SONIA is a python 3.6/2.7 software developed to infer selection pressures on features of amino acid CDR3 sequences. The inference is based on maximizing the likelihood of observing a selected data sample given a representative pre-selected sample. This method was first used in Elhanati et al (2014) to study thymic selection. For this purpose, the pre-selected sample can be generated internally using the OLGA software package, but SONIA allows it also to be supplied externally, in the same way the data sample is provided.

_images/model.png

SONIA takes as input TCR CDR3 amino acid sequences, with or without per sequence lists of possible V and J genes suspected to be used in the recombination psrocess for this sequence. Its output is selection factors for each amino acid ,(relative) position , CDR3 length combinations, and also for each V and J gene choice. These selection factors can be used to calculate sequence level selection factors which indicate how more or less represented this sequence would be in the selected pool as compared to the the pre-selected pool. These in turn could be used to calculate the probability to observe any sequence after selection and sample from the selected repertoire.

_images/workflow.png

Installation

SONIA is a python 2.7/3.6 software. It is available on PyPI and can be downloaded and installed through pip:

pip install sonia

SONIA is also available at https://github.com/statbiophys/SONIA . The command line entry points can be installed by using the setup.py script:

python setup.py install

Sometimes pip fails to install the dependencies correctly. Thus, if you get any error try first to install the dependencies separately:

pip install tensorflow

pip install matplotlib

pip install olga

pip install sonia

References

  1. Sethna Z, Isacchini G, Dupic T, Mora T, Walczak AM, Elhanati Y, Population variability in the generation and thymic selection of T-cell repertoires, (2020) bioRxiv, https://doi.org/10.1101/2020.01.08.899682
  2. Isacchini G, Sethna Z, Elhanati Y ,Nourmohammad A, Mora T, Walczak AM, On generative models of T-cell receptor sequences,(2019) bioRxiv, https://doi.org/10.1101/857722
  3. Elhanati Y, Murugan A , Callan CGJ , Mora T , Walczak AM, Quantifying selection in immune receptor repertoires, PNAS July 8, 2014 111 (27) 9875-9880, https://doi.org/10.1073/pnas.1409572111

Structure

Note

Note about training data preparation

Sonia shines when trained on top of independent rearrangement events, thus you should throw away the read count information. If you have a sample from an individual, you should keep the unique nucleotide rearrangements. This means that in principle there could be few aminoacid CDR3,V,J combination that are not unique after the mapping from nucleotide to aminoacid, but that’s fine. Moreover if you pool data from multiple people you can still keep rearrangements that are found in multiple individuals because you are sure that they correspond to independent recombination events.

Note

Note about CDR3 sequence definition

This code is quite flexible, however it does demand a very consistent definition of CDR3 sequences.

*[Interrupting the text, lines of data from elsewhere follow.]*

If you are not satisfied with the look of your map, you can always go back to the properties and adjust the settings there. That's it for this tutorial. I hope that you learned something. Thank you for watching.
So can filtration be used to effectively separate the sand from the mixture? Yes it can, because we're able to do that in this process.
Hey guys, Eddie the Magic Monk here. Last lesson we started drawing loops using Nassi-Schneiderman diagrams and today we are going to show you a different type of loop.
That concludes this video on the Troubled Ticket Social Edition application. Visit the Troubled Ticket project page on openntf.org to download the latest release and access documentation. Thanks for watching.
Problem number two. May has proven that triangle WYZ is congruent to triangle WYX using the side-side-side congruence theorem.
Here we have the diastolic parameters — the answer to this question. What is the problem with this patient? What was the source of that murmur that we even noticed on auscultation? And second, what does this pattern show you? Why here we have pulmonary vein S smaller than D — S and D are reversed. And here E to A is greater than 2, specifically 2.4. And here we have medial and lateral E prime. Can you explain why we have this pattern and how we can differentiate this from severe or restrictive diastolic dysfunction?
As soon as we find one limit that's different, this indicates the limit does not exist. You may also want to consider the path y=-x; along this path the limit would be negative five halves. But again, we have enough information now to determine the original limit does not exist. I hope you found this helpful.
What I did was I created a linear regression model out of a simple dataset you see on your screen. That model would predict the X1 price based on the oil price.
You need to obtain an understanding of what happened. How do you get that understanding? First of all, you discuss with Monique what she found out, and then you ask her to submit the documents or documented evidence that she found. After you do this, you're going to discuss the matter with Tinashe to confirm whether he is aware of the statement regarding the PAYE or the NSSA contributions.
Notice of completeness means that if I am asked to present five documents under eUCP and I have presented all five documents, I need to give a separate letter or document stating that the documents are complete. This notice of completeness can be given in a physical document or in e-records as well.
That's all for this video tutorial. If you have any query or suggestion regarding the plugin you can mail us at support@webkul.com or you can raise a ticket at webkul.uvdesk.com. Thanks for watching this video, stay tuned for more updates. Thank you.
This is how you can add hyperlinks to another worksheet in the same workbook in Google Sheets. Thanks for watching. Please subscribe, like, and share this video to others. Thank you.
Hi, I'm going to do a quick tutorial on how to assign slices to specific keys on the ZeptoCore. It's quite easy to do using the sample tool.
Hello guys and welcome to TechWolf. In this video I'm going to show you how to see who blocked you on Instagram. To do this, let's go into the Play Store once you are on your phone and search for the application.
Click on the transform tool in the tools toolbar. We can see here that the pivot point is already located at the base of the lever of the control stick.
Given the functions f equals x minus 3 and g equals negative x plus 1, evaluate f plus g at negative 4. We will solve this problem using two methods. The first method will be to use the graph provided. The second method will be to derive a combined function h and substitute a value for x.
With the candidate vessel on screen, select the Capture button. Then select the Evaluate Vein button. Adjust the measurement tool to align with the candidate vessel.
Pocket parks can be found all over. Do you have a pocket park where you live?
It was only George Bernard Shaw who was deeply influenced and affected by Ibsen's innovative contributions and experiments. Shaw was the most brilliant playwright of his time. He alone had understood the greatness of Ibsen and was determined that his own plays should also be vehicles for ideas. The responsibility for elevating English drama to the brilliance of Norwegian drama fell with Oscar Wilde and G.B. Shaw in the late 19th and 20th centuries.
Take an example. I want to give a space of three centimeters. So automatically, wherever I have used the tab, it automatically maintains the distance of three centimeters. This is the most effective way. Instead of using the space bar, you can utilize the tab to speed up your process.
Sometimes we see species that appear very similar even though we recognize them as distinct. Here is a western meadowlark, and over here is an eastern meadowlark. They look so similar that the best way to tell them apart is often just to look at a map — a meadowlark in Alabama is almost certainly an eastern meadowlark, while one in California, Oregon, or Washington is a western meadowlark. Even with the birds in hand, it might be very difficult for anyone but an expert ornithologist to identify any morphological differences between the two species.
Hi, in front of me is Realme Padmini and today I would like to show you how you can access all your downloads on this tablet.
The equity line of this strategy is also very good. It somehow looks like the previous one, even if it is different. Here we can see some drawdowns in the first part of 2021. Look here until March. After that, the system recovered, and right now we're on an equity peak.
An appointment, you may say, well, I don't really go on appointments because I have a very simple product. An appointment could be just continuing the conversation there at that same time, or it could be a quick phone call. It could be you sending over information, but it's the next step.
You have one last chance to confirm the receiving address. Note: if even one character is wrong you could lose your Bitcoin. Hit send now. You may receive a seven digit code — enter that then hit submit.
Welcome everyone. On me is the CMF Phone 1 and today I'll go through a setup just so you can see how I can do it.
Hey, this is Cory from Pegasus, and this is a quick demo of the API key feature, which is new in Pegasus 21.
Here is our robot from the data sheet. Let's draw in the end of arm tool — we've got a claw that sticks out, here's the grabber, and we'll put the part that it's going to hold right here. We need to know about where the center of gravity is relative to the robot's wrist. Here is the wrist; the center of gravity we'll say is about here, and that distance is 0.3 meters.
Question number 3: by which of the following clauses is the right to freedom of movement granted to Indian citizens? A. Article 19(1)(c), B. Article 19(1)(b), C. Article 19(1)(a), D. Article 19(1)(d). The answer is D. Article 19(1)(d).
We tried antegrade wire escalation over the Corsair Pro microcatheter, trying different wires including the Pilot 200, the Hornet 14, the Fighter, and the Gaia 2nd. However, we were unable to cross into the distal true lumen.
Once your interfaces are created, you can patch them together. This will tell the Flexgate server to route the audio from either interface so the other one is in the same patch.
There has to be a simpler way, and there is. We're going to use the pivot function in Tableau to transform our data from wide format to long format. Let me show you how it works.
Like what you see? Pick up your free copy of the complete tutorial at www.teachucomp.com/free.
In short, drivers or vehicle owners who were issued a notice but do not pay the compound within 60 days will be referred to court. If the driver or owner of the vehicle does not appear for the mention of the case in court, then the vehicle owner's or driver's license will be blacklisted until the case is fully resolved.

CHECK THE DEFINITION OF THE CDR3 REGION OF THE SEQUENCES YOU INPUT. This will likely be the most often problem that occurs. The default models/genomic data are set up to define the CDR3 region from the conserved cysteine C (INCLUSIVE) in the V region to the conserved F or W (INCLUSIVE) in the J. This corresponds to positions X and X according to IMGT. This can be changed by altering the anchor position files, however the user is strongly recommended against this.